The big outstanding question is whether OpenTSDB can make a single read from HBase, get back a data set with mixed tags, and aggregate them separately. For example, our proposed schema would interleave rows for kickback location 1337 containing metrics for enrollments, card issuances, and point issuances. Ideally, we could just swoop them up all at once and contiguously to avoid random seeks, then have OpenTSDB de-interleave them, then roll up to "day" resolution for each metric, and give us the result. I'm not yet deep enough into OpenTSDB to know if this is doable.
How OpenTSDB made need tweaked to suit our use case

When monitoring server health, StumbleUpon recommends checking in every 10-15 seconds. Given this interval, StumbleUpon decided to make OpenTSDB create new rows every 10 minutes, resulting in about 60 columns per row. Apparently, 60 column tables (in OpenTSDB's schema) yield what StumbleUpon considers ideal "medium width" tables. However, we're not monitoring server health. We're monitoring transactions at retail locations. So it may or may not make sense for us to create new rows every 10 minutes. It all depends on how often we'll have our tcollectors submit metrics to OpenTSDB. Fortunately, the author of OpenTSDB stated in his presentation that the 10 minute increment is (kind of) configurable. It's a compile time constant so depending on how difficult it is to compile OpenTSDB, it may be a pain in the ass to tweak. Though certainly possible.

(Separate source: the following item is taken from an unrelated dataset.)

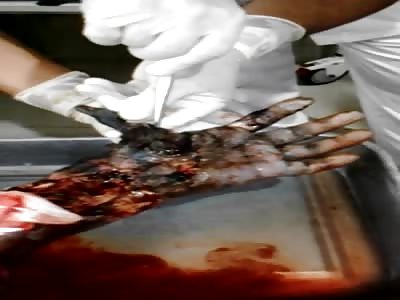 Electrical hand amputation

Also, one may argue that it shouldn't be easy to change this as if we ended up storing some data at a certain increment and some at another increment, we'd probably have a bad time.
Other considerations

OpenTSDB wasn't built for multi-tenancy. We need to tack on:

Authentication
Data separation

For auth, the OpenTSDB author recommends putting another HTTP REST API in front of OpenTSDB. Easy enough. This would also give us a layer to translate the OpenTSDB responses into the schema expected by the dashboard front-end.
For data separation, we could either prefix all of our location ids in the lookup table with the program name, or we could create separate tables in HBase for each program and fire up a separate TSD (or a cluster of TSDs) for each program. Using separate tables seems preferable to me as it affords us the opportunity to create physical isolation between program data sets.
Storing Alerts

I agree that alerts should be stored outside of HBase. It seems like MongoDB or MySQL would both work fine.